Berdasar setting teori keagenan di atas dan mencuatnya kasus Mulyana W. Kusumah, maka pertanyaan yang muncul adalah, etiskah tindakan ketiga pihak tersebut? Artikel ini mencoba menganalisa dan menyimpulkannya dalam perspektif teori etika.
     Dari teori etika, profesi pemeriksa (auditor), apakah auditor keuangan publik seperti kasus keuangan KPU maupun auditor keuangan swasta, seperti pada keuangan perusahaan-perusahaan, baik yang terdaftar di Bursa Efek Jakarta maupun tidak, diatur dalam sebuah aturan yang disebut sebagai kode etik profesi akuntan.
Dalam kode etik profesi akuntan ini diatur berbagai masalah, baik masalah prinsip yang harus melekat pada diri auditor, maupun standar teknis pemeriksaan yang juga harus diikuti oleh auditor, juga bagaimana ketiga pihak melakukan komunikasi atau interaksi.
     Dalam konteks kasus Mulyana W. Kusumah, kesimpulan yang bisa dinyatakan adalah bahwa tindakan kedua belah pihak, pihak ketiga (auditor), maupun pihak penerima kerja, yaitu KPU, sama-sama tidak etis. Tidak etis seorang auditor melakukan komunikasi kepada pihak yang diperiksa atau pihak penerima kerja dengan mendasarkan pada imbalan sejumlah uang sebagaimana terjadi pada kasus Mulyana W. Kusumah, walaupun dengan tujuan ‘mulia’, yaitu untuk mengungkapkan indikasi terjadinya korupsi di tubuh KPU.
Pembahasan

     Dinyatakan dalam kode etik yang berkaitan dengan masalah prinsip bahwa auditor harus menjaga, menjunjung, dan menjalankan nilai-nilai kebenaran dan moralitas, seperti bertanggungjawab (responsibilities), berintegritas (integrity), bertindak secara objektif (objectivity) dan menjaga independensinya terhadap kepentingan berbagai pihak (independence), dan hati-hati dalam menjalankan profesi (due care).

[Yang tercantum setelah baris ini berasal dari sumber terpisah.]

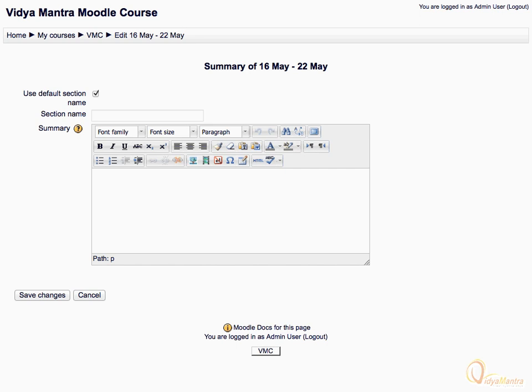In Moodle, the HTML editor appears when editing section headings, description of an activity, writing an answer to a quiz question, or editing the content of many blogs.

Dalam konteks kode etik profesi akuntan inilah, kasus Mulyana W Kusumah bisa dianalisis, apakah tindakan mereka (ketiga pihak), melanggar etika atau tidak.
Dalam kasus di atas telah jelas bahwa auditor BPK melakukan prosedur audit yang salah dan bertentangan dengan kode etik akuntan. Auditor tersebut menggunakan jebakan imbalan uang untuk menjalankan profesinya sebagai auditor yakni untuk mendapatkan bukti dari pihak yang diperiksa. Dari segi moral, bisa dikatakan tindakan itu benar tapi tidak dari segi etika profesi. Sudah ada prosedur-prosedur dan standar yang harus dilakukan auditor untuk mengungkapkan bagaimana aliran dana tersebut dari masuk hingga digunakan oleh KPU. Dengan penggunaan standar dan prosedur yang benar, tentu akan terungkap kebenaran apakah terjadi hal negatif misalnya korupsi. Disini bisa diketahui bahwa auditor tersebut dari awal telah menduga dan sangat mencurigai bahwa telah terjadi korupsi sehingga bisa dikatakan auditor tidak objektif dan independen. Selain itu, dia dapat juga diragukan keahlian profesional auditingnya karena tidak percaya akan kemampuan dengan melakukan tindakan jebakan seperti itu. Profesi audit tersebut harus dilakukan dengan cara-cara, teknik, dan prosedur profesi yang menjaga, menjunjung, menjalankan dan mendasarkan           pada    etika    profesi.